According to the results above, the underlying mechanism of the molecular alignment induced by SWaP can be described as follows. Before polymerization, non-LC monomers are present in a random alignment. SWaP produces polymers only in the irradiated area, and the polymer concentration gradient between the irradiated and unirradiated areas causes mutual molecular diffusion of monomers and polymers. This diffusion causes shear stress on the anisotropic monomers and polymers, resulting in unidirectional molecular alignment along the diffusion direction. When SWaP is performed above a certain exposure dose, the polymer concentration exceeds 50% immediately after light irradiation, and the LC phase appears. This LC phase emergence contributes to maintaining the aligned state and the rapid increase in viscosity, which leads to an increase in shear stress acting on the anisotropic molecules (Supplementary Fig. S5). The aligned LC state that appears simultaneously as the slit light passes through is stabilized and expanded over large areas along the light scanning direction. On the other hand, under lower exposure dose conditions, the polymer concentration during the passage of the slit light remains below 50%. As a result, the absence of the LC phase during SWaP results in relaxation of the molecular alignment, leading to no uniform optical anisotropy. These results indicate that the polymer concentration and LC phase during SWaP, in which molecular diffusion occurs, are essential for inducing uniform molecular alignment over large areas.
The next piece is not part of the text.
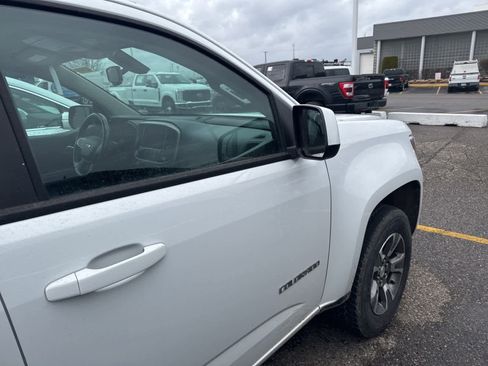 Used 2020 Chevrolet Colorado Z71 image 17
Following the above mechanism, the polymer concentration and polymerization temperature are the dominant factors affecting the molecular alignment behavior during SWaP. We conducted two proof-of-concept experiments: increasing the polymer concentration beforehand (preexposure) and lowering the polymerization temperature to promote the expression of the LC phase. We performed preexposure throughout the cell at a polymerization temperature of 90 °C and an exposure dose of 210 mJ/cm², followed by SWaP at 58 mJ/cm². As a result, unidirectional molecular alignment was induced even under the SWaP condition, where molecular alignment could not be achieved. The photopolymerization at a lowered temperature of 70 °C also resulted in the formation of unidirectional molecular alignment at an exposure dose of 58 mJ/cm2 (Supplementary Fig. S6).

Conclusion

We investigated the effect of polymer concentration, the dominant factor in molecular diffusion and LC nature, on the molecular alignment behavior induced by our developed photopolymerization technique, SWaP. The investigation of SWaP at various exposure doses revealed that sufficient doses above a certain threshold are required to induce molecular alignment. We hypothesized that the appearance of the LC phase associated with the polymer concentration affects the alignment behavior. A phase diagram of the polymer/monomer mixtures revealed that the LC phase emerged when the polymer concentration reached 50% during SWaP. Furthermore, real-time observation during SWaP revealed a temporal relationship between the presence of the LC phase and the induction of molecular alignment. These results indicated that the emergence of the LC phase during SWaP is the critical factor in molecular alignment. Notably, SWaP enables a single-step preparation of aligned polymer films, which are conventionally prepared by serial processes of polymer synthesis, orientation control, and film fabrication. Therefore, SWaP has the potential to revolutionize material production by serving as a fundamental technique for the development of groundbreaking functional materials.